PfHsp70-z possesses an N-terminal NBD (PfHsp70-zNBD) composed of residues 1–420, a putative linker region at position 421–426, and a SBD composed of SBDβ residues 427–660, and SBDα residues 661–729 (Fig. 1b). The proposed linker of the cytosolic Hsp110s from plasmodial species depicted by the sequence, EYECVE; is fairly distinct from that of yeast (PFKFED) and human/mouse Hsp110 (EFSVTD) (Fig. 1b). By comparison, the linker region of the canonical Hsp70s, however, is well conserved across species (Shonhai et al. 2007). This suggests that the linker of Hsp110 could play an important regulatory role that uniquely defines the functional characteristics of this family of proteins.
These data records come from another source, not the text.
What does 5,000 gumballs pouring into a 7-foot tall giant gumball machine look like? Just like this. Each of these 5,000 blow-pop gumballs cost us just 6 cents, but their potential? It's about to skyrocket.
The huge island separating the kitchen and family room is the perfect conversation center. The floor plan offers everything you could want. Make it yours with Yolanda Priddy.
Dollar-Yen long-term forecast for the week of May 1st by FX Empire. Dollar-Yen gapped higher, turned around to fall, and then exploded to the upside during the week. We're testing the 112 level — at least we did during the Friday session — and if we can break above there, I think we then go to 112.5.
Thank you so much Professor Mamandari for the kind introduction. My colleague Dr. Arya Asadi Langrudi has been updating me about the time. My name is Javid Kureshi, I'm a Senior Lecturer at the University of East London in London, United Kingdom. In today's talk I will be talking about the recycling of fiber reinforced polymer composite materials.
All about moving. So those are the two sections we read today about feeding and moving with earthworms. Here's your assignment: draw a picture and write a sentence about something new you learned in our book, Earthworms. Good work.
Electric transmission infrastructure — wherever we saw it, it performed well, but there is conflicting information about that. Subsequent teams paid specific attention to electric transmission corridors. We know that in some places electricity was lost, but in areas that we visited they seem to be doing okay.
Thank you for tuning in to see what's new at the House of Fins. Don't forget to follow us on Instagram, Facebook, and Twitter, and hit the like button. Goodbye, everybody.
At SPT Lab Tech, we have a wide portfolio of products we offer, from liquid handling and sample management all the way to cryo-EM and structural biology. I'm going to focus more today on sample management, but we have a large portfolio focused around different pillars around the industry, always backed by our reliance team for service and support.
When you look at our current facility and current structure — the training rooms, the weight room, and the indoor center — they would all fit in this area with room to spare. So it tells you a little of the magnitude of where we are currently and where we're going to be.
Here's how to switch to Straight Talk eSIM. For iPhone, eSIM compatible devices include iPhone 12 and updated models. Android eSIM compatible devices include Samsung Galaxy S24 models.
Overexpression and purification of recombinant PfHsp70-z, PfHsp70-1, and PfHsp70-1NBD
We expressed and purified the recombinant forms of PfHsp70-z, PfHsp70-1, and PfHsp70-1NBD using previously described protocols (Shonhai et al. 2008; Zininga et al. 2015a, b). We validated the authenticity of recombinant PfHsp70-z by Western blot using an antibody raised against a unique peptide segment of the protein and anti-polyhistidine antibodies (Fig. 2a). Similarly, full length PfHsp70-1 was overexpressed and purified from E. coli XL1-Blue cells (Fig. 2b). Furthermore, the truncated PfHsp70-1 (PfHsp70-1NBD) was overexpressed and purified from E. coli XL1 Blue cells (Fig. 2c). Western blotting analysis using antibodies raised against PfHsp70-1 as well as antibodies that recognize the polyhistidine-tag, we detected both the full length PfHsp70-1 and the truncated version PfHsp70-1NBD (Fig. 2b, c, lower panels). The specificity of the antibody raised against the select peptide sequence of PfHsp70-z was previously reported (Zininga et al. 2015a). The peptide-specific antibody binds PfHsp70-z without recognizing other Hsp70s including its plasmodial homologue, PfHsp70-1 (Zininga et al. 2015a).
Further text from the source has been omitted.